他にも弁護士として、弁護士事務所に転職する、個人事務所を開設するなどの方法で年収アップを目指すこともできます。定年退職のない弁護士なら、長く現役で働くことも可能です。

法務の仕事は年収アップが期待できる

法務の仕事は多岐にわたります。例えば、企業の合併や買収、資本参加、海外現地法人の設立など攻めの戦略的法務の仕事があります。逆に、不祥事案件の処理、金融取引法や独占禁止法、労働基準法などに違反しないようにするための守りのための法務の仕事もあります。

社外法務・社内法務の両方に関わる事案を扱う法務部の存在は、企業にしっかりとしたコンプランス対策などを求める風潮が高まっている昨今、とても重要なものとみなされるようになっています。

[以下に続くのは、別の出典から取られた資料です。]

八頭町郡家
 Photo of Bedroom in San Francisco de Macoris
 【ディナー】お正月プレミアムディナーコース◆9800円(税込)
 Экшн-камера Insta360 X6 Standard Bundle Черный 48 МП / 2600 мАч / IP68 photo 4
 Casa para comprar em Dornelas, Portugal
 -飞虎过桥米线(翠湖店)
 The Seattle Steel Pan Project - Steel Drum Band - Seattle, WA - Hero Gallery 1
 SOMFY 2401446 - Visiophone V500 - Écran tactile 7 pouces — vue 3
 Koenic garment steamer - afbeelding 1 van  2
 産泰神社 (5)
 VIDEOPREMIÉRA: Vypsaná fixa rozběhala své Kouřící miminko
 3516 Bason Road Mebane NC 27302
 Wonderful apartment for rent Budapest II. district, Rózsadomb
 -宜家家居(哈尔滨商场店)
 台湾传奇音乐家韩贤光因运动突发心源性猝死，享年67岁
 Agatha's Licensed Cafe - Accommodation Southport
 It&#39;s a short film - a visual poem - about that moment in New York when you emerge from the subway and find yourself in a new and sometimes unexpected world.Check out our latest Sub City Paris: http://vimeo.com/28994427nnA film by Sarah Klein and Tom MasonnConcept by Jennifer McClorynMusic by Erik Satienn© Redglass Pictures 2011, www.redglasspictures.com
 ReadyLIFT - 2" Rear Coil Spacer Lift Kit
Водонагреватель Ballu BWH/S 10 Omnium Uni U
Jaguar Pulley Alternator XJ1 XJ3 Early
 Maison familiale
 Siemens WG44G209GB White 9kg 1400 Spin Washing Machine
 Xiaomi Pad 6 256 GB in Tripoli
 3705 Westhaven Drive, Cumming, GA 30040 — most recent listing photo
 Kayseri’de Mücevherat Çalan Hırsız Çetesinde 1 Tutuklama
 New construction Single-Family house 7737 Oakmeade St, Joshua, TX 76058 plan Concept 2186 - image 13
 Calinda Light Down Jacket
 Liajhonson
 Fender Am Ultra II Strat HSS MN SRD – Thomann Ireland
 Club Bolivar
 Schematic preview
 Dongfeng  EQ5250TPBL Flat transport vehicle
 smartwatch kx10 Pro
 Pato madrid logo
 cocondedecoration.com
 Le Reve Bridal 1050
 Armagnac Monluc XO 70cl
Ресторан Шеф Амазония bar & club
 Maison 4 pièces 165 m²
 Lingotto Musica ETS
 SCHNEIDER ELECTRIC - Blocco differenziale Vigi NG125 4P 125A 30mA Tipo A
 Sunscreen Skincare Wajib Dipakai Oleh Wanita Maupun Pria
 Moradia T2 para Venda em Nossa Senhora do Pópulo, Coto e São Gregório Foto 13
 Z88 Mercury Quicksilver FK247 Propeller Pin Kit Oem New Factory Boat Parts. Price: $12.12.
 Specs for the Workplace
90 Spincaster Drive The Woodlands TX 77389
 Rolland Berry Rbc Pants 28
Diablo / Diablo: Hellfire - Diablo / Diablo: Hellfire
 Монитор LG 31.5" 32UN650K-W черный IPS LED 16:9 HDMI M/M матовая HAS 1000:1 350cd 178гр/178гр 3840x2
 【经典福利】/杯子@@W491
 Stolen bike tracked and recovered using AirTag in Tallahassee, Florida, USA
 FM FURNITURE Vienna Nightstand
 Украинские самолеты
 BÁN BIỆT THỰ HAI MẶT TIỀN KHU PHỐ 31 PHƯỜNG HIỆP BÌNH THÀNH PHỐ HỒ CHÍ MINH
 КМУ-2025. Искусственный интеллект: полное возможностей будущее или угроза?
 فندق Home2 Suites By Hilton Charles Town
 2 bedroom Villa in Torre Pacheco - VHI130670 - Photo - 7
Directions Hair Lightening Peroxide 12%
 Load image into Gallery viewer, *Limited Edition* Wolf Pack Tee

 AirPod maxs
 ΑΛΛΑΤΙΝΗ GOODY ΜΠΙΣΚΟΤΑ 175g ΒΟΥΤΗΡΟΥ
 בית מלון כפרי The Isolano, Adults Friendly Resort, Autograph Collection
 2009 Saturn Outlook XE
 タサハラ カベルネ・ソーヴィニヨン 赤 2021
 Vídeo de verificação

こうした法務の仕事の需要の拡大を考えるなら、この仕事は年収アップを期待できる仕事であると言えます。

法務の給与・年収まとめ

法務の仕事は地味でも堅実に稼げる仕事!

これまで企業が問題を起こした場合、顧問弁護士が解決するというのが主流でしたが、昨今は法務部が問題を起こさないよう未然に防ぐというのが主流になっています。ですから法務は需要のある仕事となっています。

専門的な知識と実務経験の必要がある法務は、継続することで年収アップも期待できます。経験があれば転職にも有利です。法務は、宣伝や営業のような派手さはないですが、その必要性ゆえに需要があるので、やりがいと収入の両方を獲得できる仕事です。